§ **The problem**: No pictures go in the copy. Restate, word for word, each line from the one containing "ブラック系のTシャツ/カット" through the last line below.

Start of Recorded information

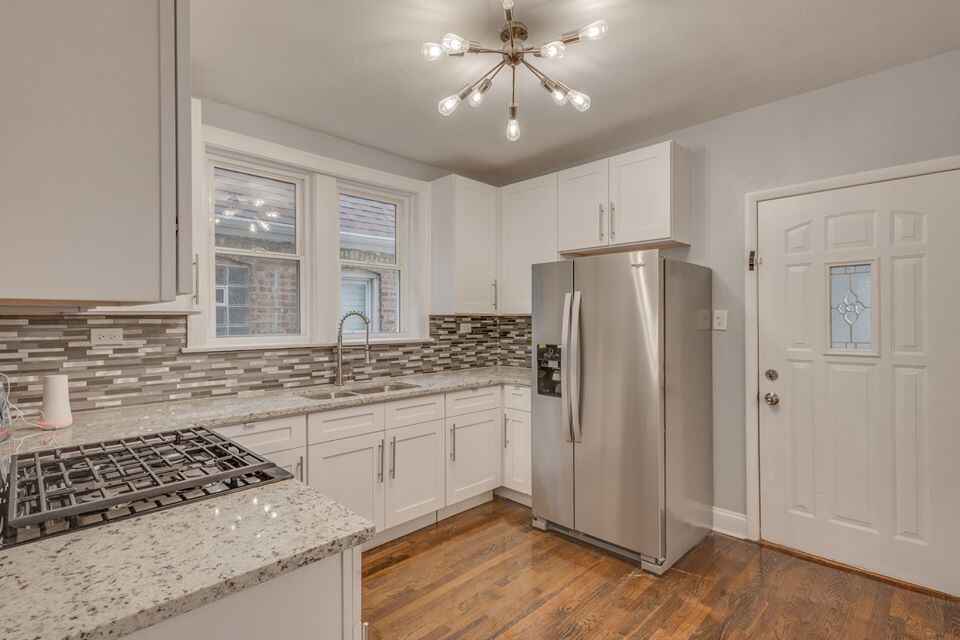 Refinished kitchen cabinets in a bright modern kitchen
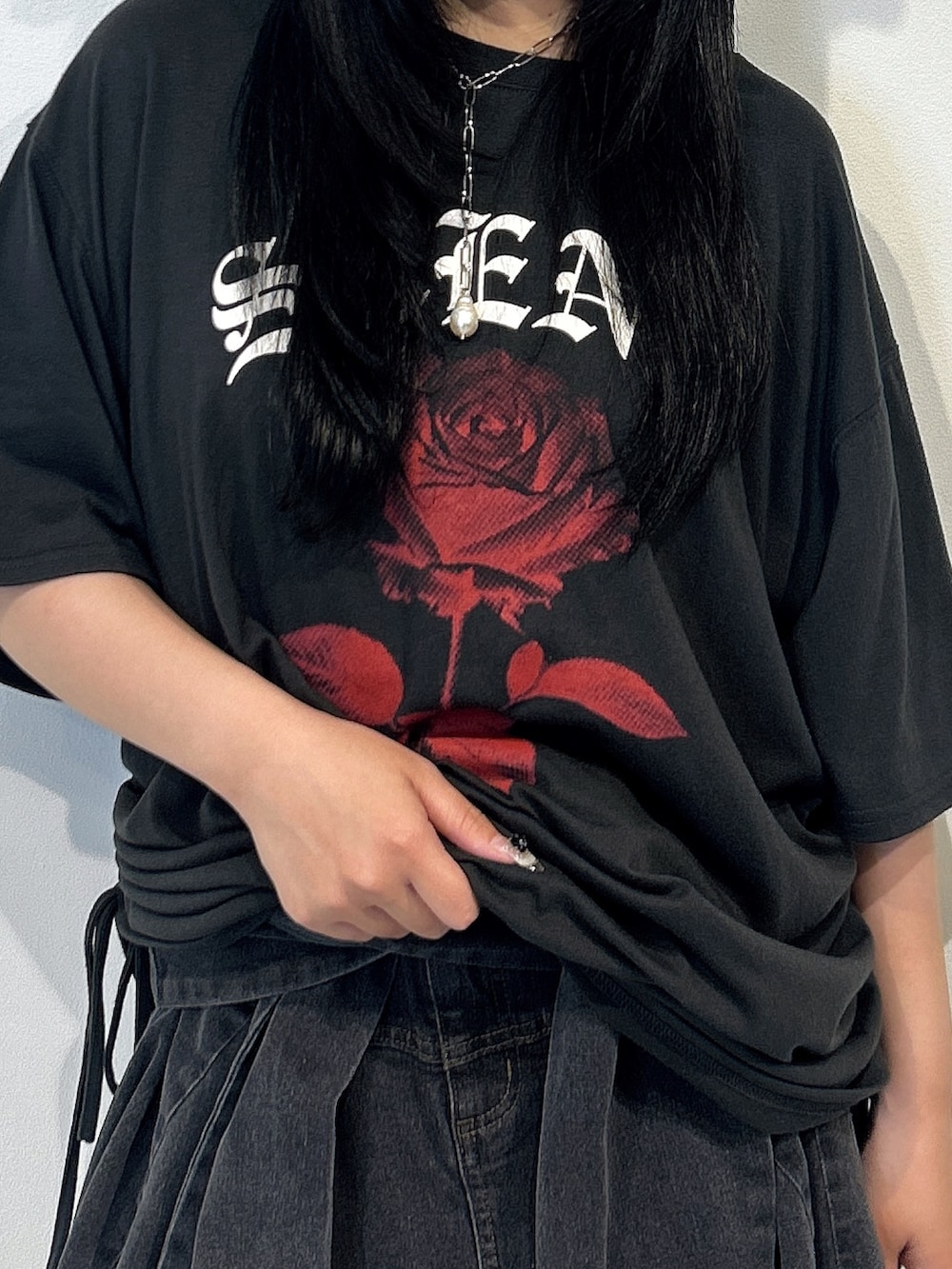 ブラック系のTシャツ/カットソー、ブラック系のスカート、ブラック系のサンダルを着用したレディースの春コーディネートの5枚目の写真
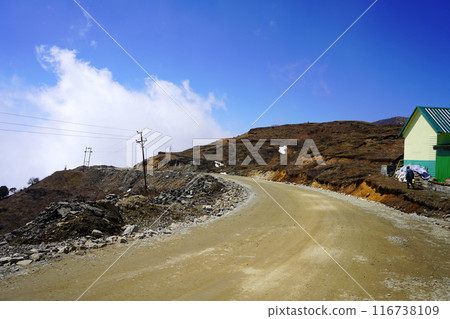 MOUNTAIN ROAD IN SIKKIM DURING THE VISIT IN SILK ROUTE 116738109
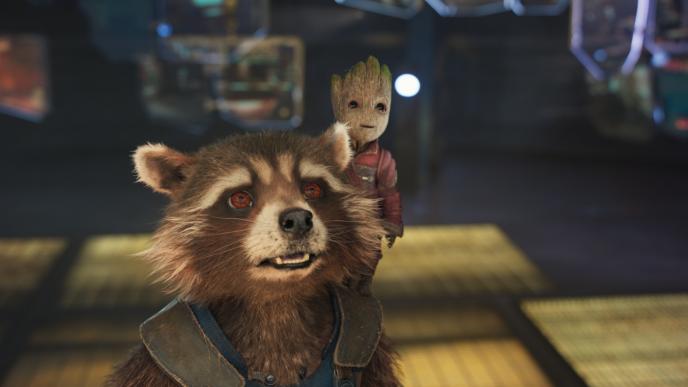 close up of rocket racoon and baby groot. baby groot is standing on rocket's shoulders as they are both looking up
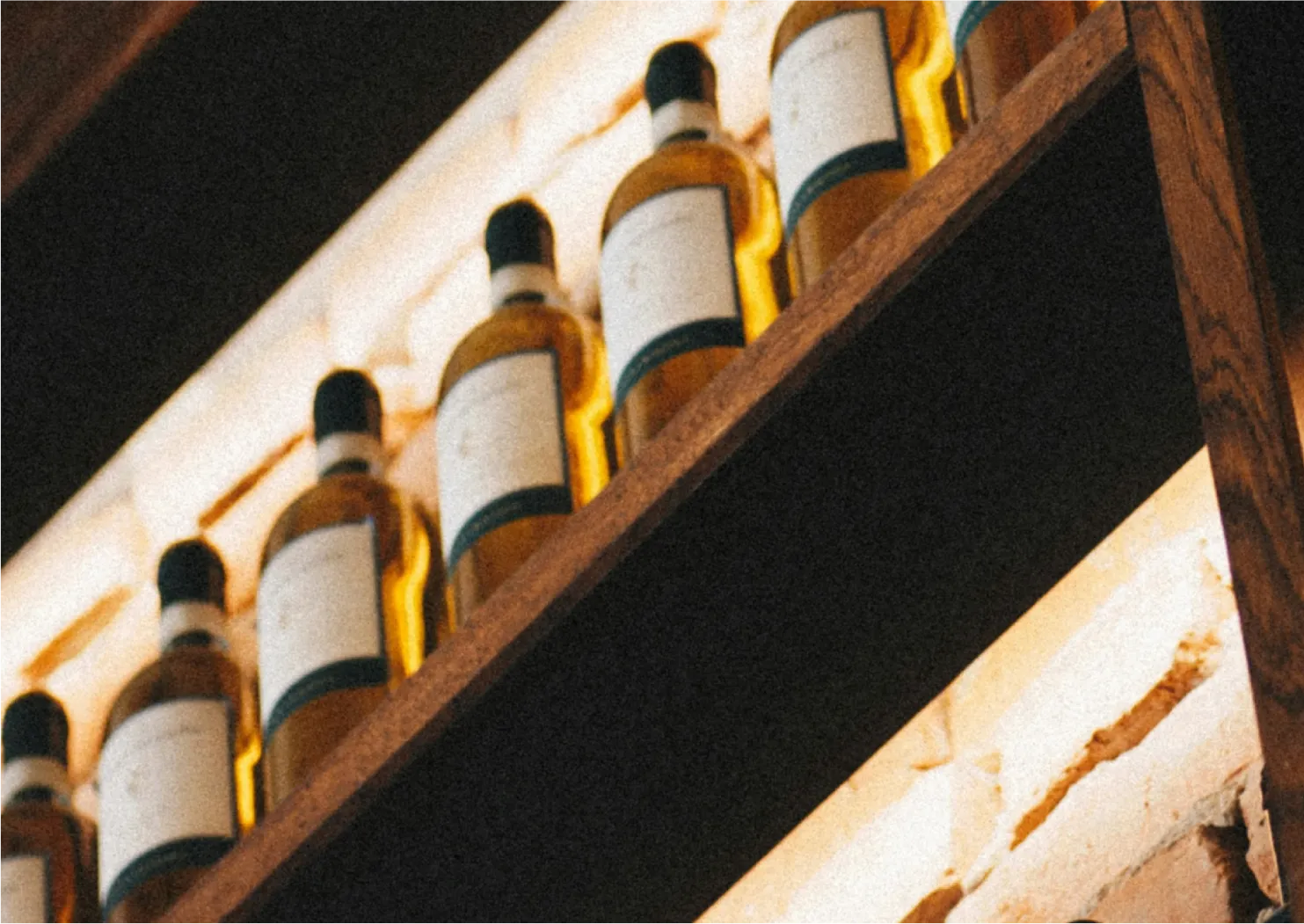 Collector consulting a bottle in their cellar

End of Recorded information

§ **Answer box**:
 ブラック系のTシャツ/カットソー、ブラック系のスカート、ブラック系のサンダルを着用したレディースの春コーディネートの5枚目の写真
 MOUNTAIN ROAD IN SIKKIM DURING THE VISIT IN SILK ROUTE 116738109
 close up of rocket racoon and baby groot. baby groot is standing on rocket's shoulders as they are both looking up
 Collector consulting a bottle in their cellar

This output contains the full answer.